Small community based credit unions are really struggling – at best, they have seen flat income levels, at worst they’ve seen their income fall away, especially from grants and interest receipts.   Yet there is often little opportunity for them to reduce their overheads in line with the fall in income.  Trying to increase income by growing the loan book can often carry a disproportionate risk of bad debts so for some they have a stark choice – grow or merge or die a death of a thousand cuts.  The Co-Op decision will prove to be just another cut…

Let’s look at what the Co-Op is doing…

Interest rates paid on customer balances have never been lower, certainly not in my lifetime.  Until June the Co-Op will be paying a tiered rate of interest – Nil% on balances up to £1,999; 0.12%  on balances £2,000 to £9,999; 0.15% on balances £10,000 to £24,999; 0.18% on balances £25,000 to £99,999; 0.21% on balances £100,000 to £249,999; and 0.25% on balances over £250,000.

That’s to say the most the Co-Op will ever pay any credit union right now is one quarter of one per cent per annum… peanuts.

Yet those peanuts are being crushed!

The new rates from June 2015 will be: balances up to £24,999 Nothing, yes absolutely nothing – the Co-Op will get to keep your money for free!; £25,000 to £99,999 0.06% – a third of the already derisory amount it had paid previously; £100,000 to £249,000 0.09% – less than half it had previously paid; £250,000 to £499,000 0.18% – a cut of one third from the rate it had paid previously; over £500,000 0.25%, no change.

The message is clear… the Co-Op isn’t interested in supporting small organisations, it’s using you, the small credit union, to extract itself from its own financial difficulties … it doesn’t have the cohonas to abuse bigger organisations in the same way as they’re prepared to abuse you.

So it’s you, the smaller community based credit unions, and organisations just like you who will feel the brunt of this decision… it will be another straw on the camel’s back…

You see, right now, because you’re getting virtually nothing on the money you are sitting on and with additional grant income difficult to come by, the only way you can meet the regulator’s solvency targets might be by increasing the interest you receive on your loan book.  As you’re limited by law as to the maximum interest rate you can charge on the loans you make, this means you need to grow your loan volumes – the number of loans you put out and the amount you loan out.

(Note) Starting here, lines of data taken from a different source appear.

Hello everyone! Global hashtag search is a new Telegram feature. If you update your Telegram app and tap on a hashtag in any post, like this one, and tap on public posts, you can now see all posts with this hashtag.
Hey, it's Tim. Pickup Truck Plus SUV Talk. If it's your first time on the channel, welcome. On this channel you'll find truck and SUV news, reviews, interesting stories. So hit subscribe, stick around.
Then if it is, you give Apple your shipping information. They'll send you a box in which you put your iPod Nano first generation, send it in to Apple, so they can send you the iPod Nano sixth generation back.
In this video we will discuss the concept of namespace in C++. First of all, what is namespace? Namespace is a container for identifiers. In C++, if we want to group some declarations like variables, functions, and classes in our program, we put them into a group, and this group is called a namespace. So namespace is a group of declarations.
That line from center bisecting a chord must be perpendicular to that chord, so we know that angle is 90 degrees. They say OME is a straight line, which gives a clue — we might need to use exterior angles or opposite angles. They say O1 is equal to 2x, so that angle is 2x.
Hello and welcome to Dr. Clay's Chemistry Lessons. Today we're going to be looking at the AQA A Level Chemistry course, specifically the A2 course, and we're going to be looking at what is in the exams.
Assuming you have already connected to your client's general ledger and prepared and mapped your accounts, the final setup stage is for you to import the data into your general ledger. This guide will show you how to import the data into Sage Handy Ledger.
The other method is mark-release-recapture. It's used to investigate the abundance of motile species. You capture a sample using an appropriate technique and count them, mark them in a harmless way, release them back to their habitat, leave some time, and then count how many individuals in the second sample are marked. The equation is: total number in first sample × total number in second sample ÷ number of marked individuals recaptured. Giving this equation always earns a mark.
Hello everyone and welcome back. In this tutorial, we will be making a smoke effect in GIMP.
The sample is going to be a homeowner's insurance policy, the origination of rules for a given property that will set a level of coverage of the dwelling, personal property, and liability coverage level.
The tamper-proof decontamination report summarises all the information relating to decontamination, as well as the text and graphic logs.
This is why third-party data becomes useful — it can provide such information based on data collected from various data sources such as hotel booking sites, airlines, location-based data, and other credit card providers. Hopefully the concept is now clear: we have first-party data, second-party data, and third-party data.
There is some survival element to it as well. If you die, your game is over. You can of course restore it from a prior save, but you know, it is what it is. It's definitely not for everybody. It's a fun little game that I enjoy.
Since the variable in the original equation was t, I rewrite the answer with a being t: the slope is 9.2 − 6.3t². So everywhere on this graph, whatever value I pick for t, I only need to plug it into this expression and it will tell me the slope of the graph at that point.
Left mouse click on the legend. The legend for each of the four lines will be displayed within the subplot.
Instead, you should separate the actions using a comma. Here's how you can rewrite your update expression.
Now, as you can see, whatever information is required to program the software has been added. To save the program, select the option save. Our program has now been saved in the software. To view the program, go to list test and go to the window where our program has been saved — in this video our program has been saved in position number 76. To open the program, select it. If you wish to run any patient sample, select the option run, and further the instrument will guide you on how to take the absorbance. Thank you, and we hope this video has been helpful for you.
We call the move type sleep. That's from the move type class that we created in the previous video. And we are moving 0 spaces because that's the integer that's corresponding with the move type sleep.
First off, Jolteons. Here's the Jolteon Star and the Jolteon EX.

The issue is you need to do this without increasing your bad debts.  Desperate people will go to any lengths – you will be lied to, some applications will be pure fabrication. How robust are your application procedures throughout your credit union?  You might get credit reports on potential new lending, but how reliable are those reports? – they are not as accurate as you’d hope!  And you probably can’t always rely on your longstanding members’ past savings history as an indication of their ability to repay any new loans – because people have so many ways nowadays of avoiding repaying their debts – not just the formal insolvency processes of bankruptcy, DRO, and IVA, and informal debt solutions such as DMP and DRO, but also pleading poverty in any debt collection process passing through the courts, and even disappearing.

It’s easy to see the situation whereby a credit union that’s already struggling with the the regulator could be forced into administration and then closure because of its bad debt experience and low level of bank interest income.